Pernahkah Ayah, Ibu, atau adik-adik sekalian berdiri di depan cermin, lalu tiba-tiba merasa asing dengan diri sendiri?
Di zaman sekarang, rasanya mudah sekali kita kehilangan arah. Anak-anak sekolah bingung menentukan masa depan, para ibu rumah tangga kadang merasa kehilangan 'jati diri' di tengah kesibukan mengurus rumah, dan kita semua sering merasa 'kurang' karena melihat standar media sosial yang menuntut fisik sempurnaβseperti bisikan-bisikan 'too fat', 'skinny', atau tuntutan operasi plastik yang ada di sekitar kita.
Untuk mengatasi kebingungan ini, kita sering mencari jawaban lewat tes kepribadian, zodiak, atau mengikuti tren terkini. Padahal, ada satu rahasia besar di dalam Al-Quran yang bisa langsung menjawab semua kebingungan identitas kita sekaligus!
Cermin yang Retak dan Bisikan Dunia
Bayangkan kita sedang melihat diri kita pada sebuah cermin yang retak.

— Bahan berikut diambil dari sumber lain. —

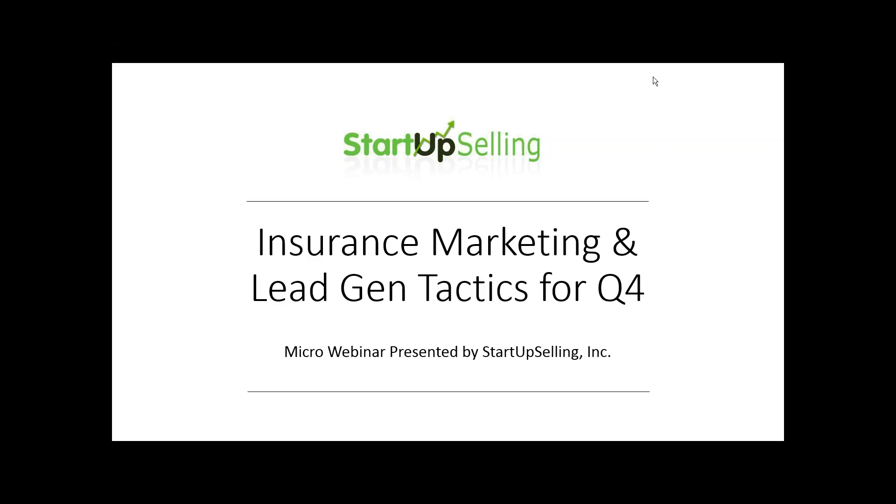Hello and welcome to today's first ever micro webinar, Insurance Marketing and Lead Gen Tactics for Q4. This web seminar is brought to you by Startup Selling with special guest speaker Alan Bloom, the CEO and founder of Startup Selling.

Apa yang kita lihat? Bayangan yang pecah, tidak utuh, dan menakutkan. Itulah yang terjadi saat kita mencoba mendefinisikan diri kita hanya lewat penilaian manusia atau standar dunia.
Kita merasa harus menjadi orang lain agar diterima. Kita sibuk memperbaiki 'tampilan luar' tapi mengabaikan kekosongan di dalam jiwa.
"Kamu tidak butuh lebih banyak tes kepribadian atau validasi dari orang lain. Kamu hanya butuh satu ayat ini, dan memahaminya dengan cara yang benar."
Satu Ayat Kunci: Surah Al-Hashr Ayat 19
Di dalam Al-Quran, Allah SWT memberikan sebuah formula psikologis yang sangat mendalam namun sederhana:
"Dan janganlah kamu seperti orang-orang yang lupa kepada Allah, lalu Allah menjadikan mereka lupa kepada diri mereka sendiri..." (QS. Al-Hashr: 19)
Mari kita renungkan perlahan. Ayat ini memberi tahu kita sebuah hukum alam yang mutlak: Ketika kita melupakan Pencipta kita, maka sebagai hukumannya, kita akan dibuat asing dan lupa dengan diri kita sendiri.
Kenapa bisa begitu?
Ibarat sebuah barang elektronik yang canggih, jika kita tidak pernah membaca buku panduan dari pabrik pembuatnya, kita akan kebingungan bagaimana cara menggunakannya. Kita akan memperlakukannya dengan salah hingga akhirnya rusak.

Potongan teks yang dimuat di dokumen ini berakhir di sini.